• DIRECTIONS FOR THIS TASK
Beginning with the line that contains "Le rovine dell'antico" and ending with the line that contains "Thumbnail: 2010 Chevrolet Tahoe - 14", reproduce the lines of the entries below exactly, omitting pictures.

• PROVIDED DATA
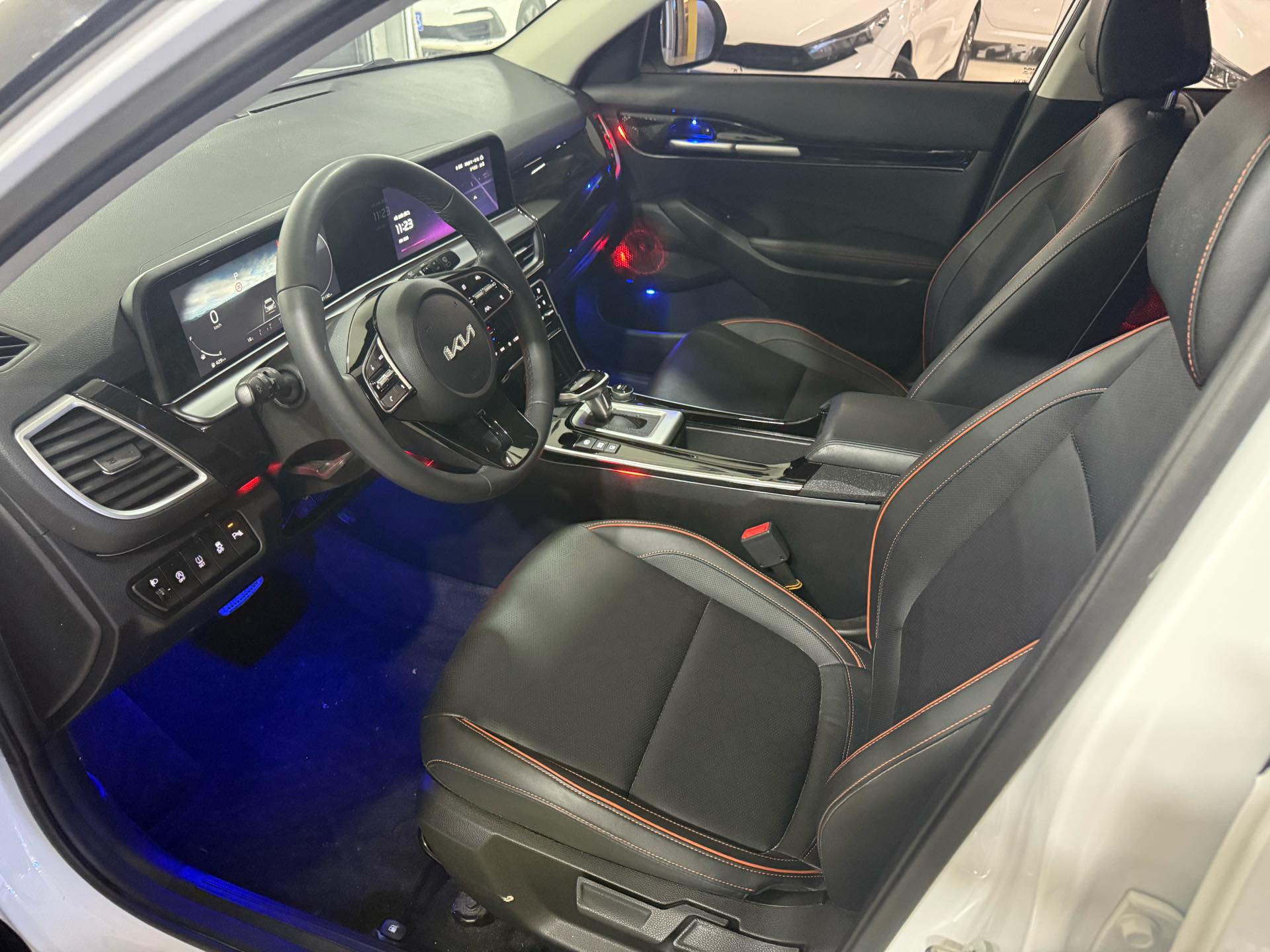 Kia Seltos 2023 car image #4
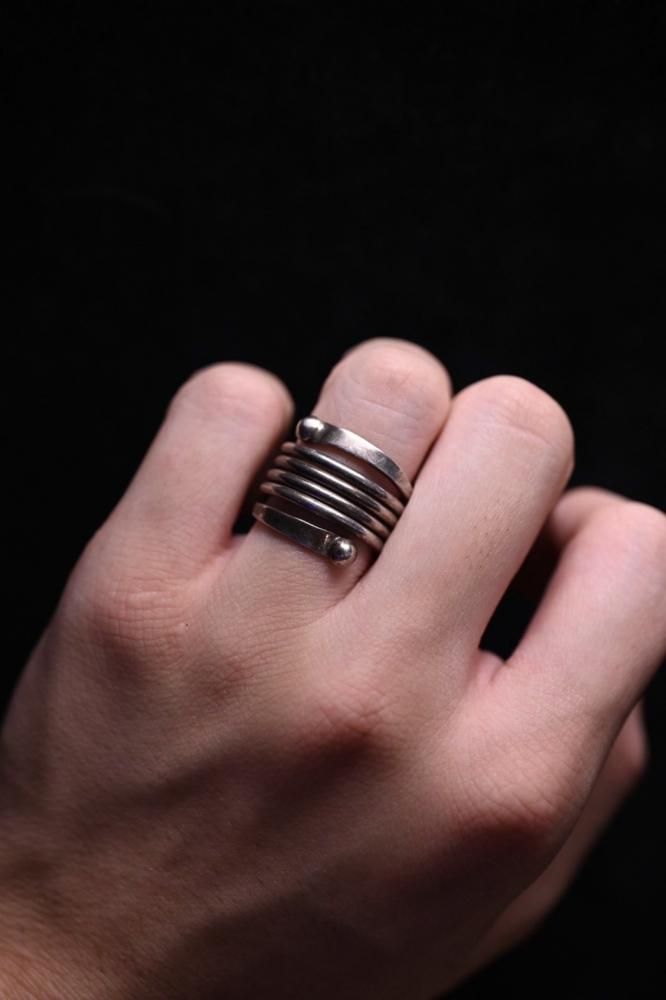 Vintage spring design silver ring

==

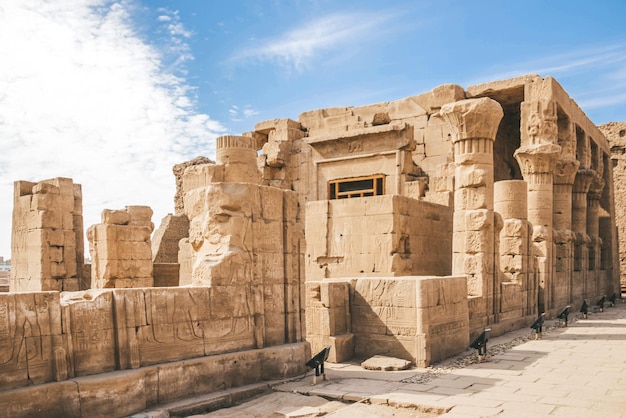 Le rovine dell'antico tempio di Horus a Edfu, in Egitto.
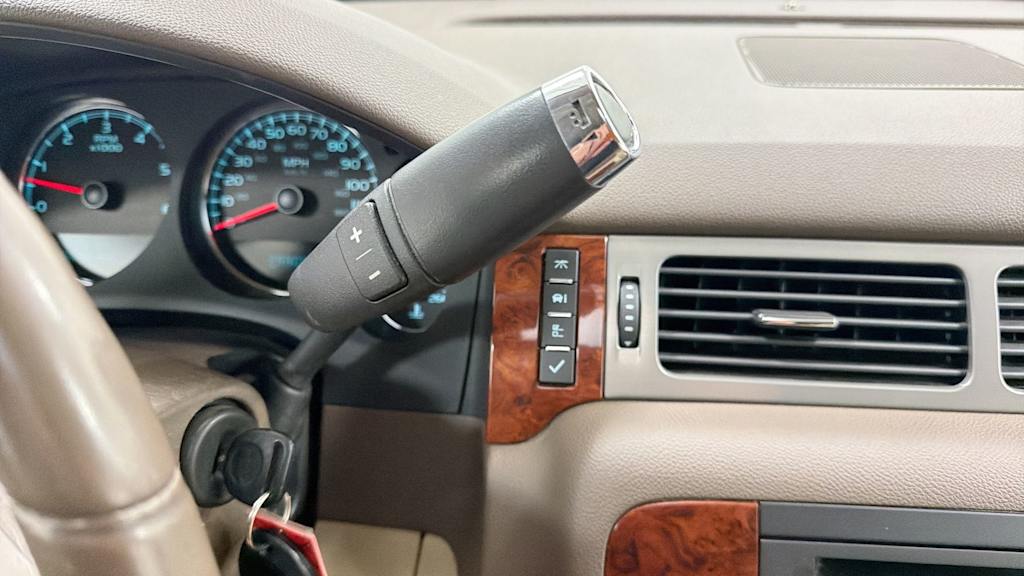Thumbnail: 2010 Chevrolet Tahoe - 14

• EXPECTED ANSWER
 Le rovine dell'antico tempio di Horus a Edfu, in Egitto.
Thumbnail: 2010 Chevrolet Tahoe - 14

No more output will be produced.